A senhora acredita nisso?

-- Eu sei.

Para pontuar a ênfase da certeza, um trovão forte ecoou fazendo vibrar as persianas da janela. Esta atmosfera, pensei - parece um filme de segunda categoria.

-- Vou preparar seu quarto.

A tempestade ia me prender naquela casa. Sem luz, sem telefone, sem aquecimento. D. Agripina levava a lamparina. Segui-a até um quarto ainda menor do que a sala. A cama de casal encostada à parede oposta à porta, um guarda-roupa com pelo menos um século de idade e a cômoda em que pousou a lamparina. O lençol esticado e o travesseiro cheiravam a lavanda; todo o resto do quarto parecia não ter visto vivalma durante os últimos vinte anos.

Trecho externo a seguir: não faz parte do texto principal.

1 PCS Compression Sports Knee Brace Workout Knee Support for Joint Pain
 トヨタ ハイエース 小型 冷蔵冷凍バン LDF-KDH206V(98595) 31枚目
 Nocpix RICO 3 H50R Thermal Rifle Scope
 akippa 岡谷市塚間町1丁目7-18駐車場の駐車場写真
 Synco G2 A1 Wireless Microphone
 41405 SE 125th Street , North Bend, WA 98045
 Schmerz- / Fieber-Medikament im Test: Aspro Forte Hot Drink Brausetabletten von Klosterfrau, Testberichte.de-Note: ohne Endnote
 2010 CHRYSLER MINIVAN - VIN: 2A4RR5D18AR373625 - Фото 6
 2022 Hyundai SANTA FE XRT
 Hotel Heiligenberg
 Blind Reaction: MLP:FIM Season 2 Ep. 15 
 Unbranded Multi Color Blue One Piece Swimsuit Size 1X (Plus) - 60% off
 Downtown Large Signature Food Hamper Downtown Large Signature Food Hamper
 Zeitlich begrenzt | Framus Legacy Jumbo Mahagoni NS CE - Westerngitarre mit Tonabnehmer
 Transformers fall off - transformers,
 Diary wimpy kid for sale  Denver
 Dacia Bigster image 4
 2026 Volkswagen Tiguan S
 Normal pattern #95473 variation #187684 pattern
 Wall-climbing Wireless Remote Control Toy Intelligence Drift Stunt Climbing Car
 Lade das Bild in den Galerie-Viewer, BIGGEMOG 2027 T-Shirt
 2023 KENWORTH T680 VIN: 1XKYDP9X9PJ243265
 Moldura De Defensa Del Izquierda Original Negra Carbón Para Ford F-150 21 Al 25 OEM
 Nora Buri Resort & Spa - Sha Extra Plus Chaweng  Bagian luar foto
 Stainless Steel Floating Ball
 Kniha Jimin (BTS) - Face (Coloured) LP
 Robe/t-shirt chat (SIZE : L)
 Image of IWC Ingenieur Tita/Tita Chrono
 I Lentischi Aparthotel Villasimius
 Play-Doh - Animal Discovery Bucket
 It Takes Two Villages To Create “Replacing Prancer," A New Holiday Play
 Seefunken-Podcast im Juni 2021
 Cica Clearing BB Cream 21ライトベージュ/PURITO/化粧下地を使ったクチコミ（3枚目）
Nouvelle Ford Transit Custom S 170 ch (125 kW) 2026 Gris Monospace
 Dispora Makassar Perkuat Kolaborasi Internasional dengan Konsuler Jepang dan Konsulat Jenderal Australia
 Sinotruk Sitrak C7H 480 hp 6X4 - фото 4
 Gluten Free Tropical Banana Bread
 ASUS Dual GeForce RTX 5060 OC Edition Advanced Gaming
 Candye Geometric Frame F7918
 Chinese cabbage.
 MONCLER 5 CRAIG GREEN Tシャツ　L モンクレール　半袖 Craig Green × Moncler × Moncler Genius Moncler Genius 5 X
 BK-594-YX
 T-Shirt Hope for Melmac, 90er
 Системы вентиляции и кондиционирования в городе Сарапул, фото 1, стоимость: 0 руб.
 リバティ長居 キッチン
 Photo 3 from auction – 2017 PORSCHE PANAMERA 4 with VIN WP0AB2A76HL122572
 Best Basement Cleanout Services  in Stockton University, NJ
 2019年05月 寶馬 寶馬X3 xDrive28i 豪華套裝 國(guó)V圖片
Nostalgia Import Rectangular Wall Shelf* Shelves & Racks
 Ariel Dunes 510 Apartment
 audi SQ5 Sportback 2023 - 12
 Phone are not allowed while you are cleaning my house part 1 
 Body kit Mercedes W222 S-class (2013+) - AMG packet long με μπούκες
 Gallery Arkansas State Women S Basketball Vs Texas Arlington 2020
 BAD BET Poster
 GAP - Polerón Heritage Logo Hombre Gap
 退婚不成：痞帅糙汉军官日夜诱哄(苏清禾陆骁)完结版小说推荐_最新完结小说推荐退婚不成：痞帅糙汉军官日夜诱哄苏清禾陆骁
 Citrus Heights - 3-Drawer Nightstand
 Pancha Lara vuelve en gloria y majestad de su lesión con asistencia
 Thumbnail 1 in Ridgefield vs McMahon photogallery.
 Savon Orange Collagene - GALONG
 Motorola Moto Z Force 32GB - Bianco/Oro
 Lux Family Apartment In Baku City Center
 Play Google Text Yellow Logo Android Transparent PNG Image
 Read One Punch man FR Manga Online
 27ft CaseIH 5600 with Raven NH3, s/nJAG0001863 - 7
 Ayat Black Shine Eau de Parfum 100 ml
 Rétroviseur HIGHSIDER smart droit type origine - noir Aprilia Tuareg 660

-- Você sabe onde fica o banheiro, caso precise, filha. Vou deixar a lamparina aqui. Amanhã a chuva deve passar. Boa noite.

Dizia estas palavras enquanto saía do quarto e fechava a porta atrás de si. O vento soprou frio pelas frestas da janela sem vidros. A chama da lamparina diminuiu por um instante. Abri o guarda-roupa na esperança de encontrar um segundo cobertor. Ao diabo minha alergia! Uma sensação gelada subiu pelo meu estômago: roupas masculinas estavam dispostas pelos cabides.